Portraying an individual as an accused and publication of biased articles calming an individual to be guilty of a crime even before the completion of the investigation or judgement given by the Hon’ble Court creates a prejudicial mind among the masses. Among such people lies the advocates who have to fight for that individual or the judge who has to deliver a verdict on that case. Being exposed before such biased publications repetitively might create a doubt in the mind of the defending lawyer hampering his full potential to justify such individual. The judge who is also exposed to such media trials might make him focus on such pieces of evidence produced before the court which will be against the accused as insinuated by the media and looking over pieces of evidence which might prove him innocent. 

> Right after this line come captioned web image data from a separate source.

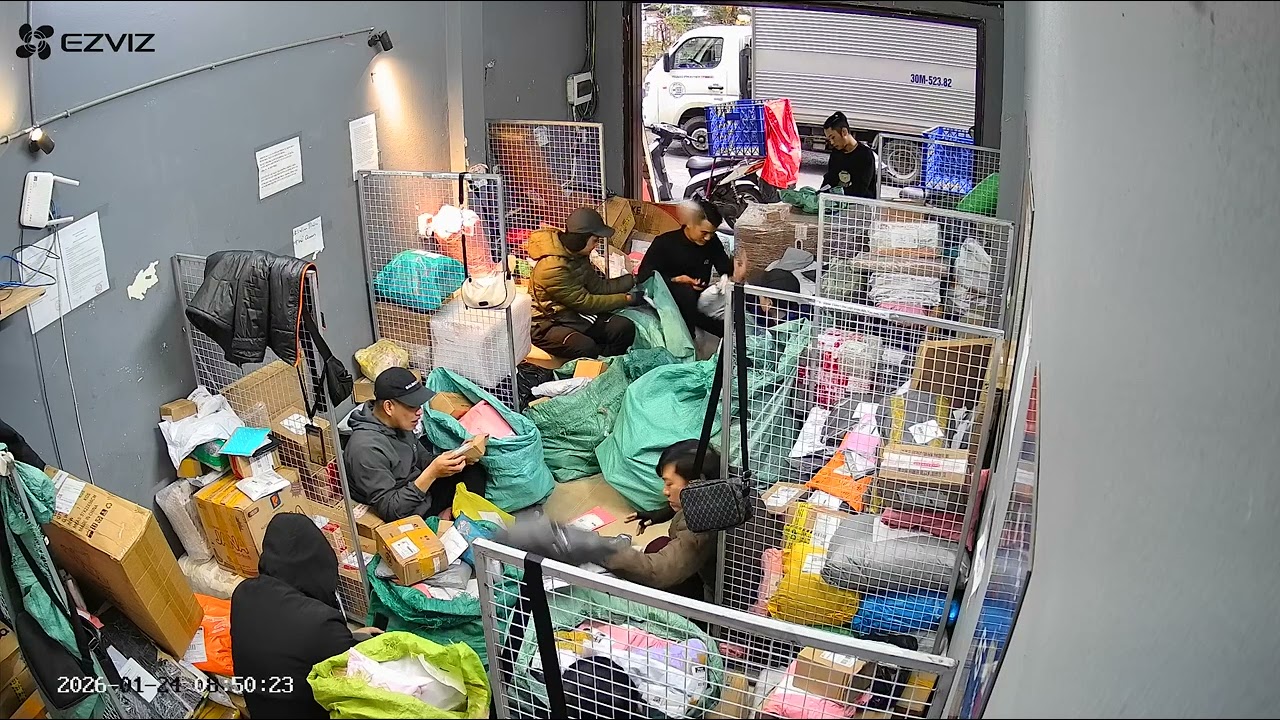 CCTV  hạ hàng sáng 24.01.2026 (2)
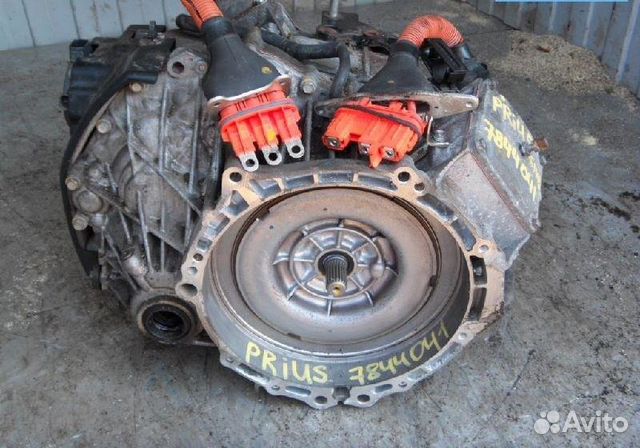 Запчасти бу Тойота Prius 2003-2009 Запчасти бу Тойота Prius 2003-2009
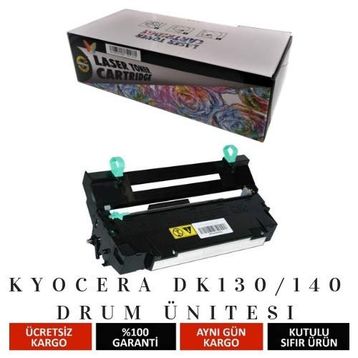Kyocera DK-170 Drum Ünitesi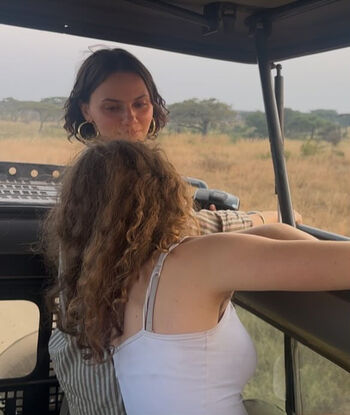 Full leaked Dafne keen private onlyfans photo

In 2008, the media declared the parents to be guilty in a double murder case in Noida famously known as Aarushi Talwar murder case[4] and the public had a hysteric reaction over the fact that her parents were responsible for her death even before the trial begun. The media viciously played up different angles like honour killing, an alleged extra-marital affair of the father, fake news that Aarushi was an adopted child, demonised the parents for not crying enough on TV and a few channels even flashed her 17-year-old friend’s number live on-screen. Though on 2017 the parents got acquittal as the CBI could not prove beyond a reasonable doubt that her parents were guilty as all the evidence given by them were entirely circumstantial, the sufferings from the harassment by the public and by the media, trauma and degradation of their public image is irreparable. 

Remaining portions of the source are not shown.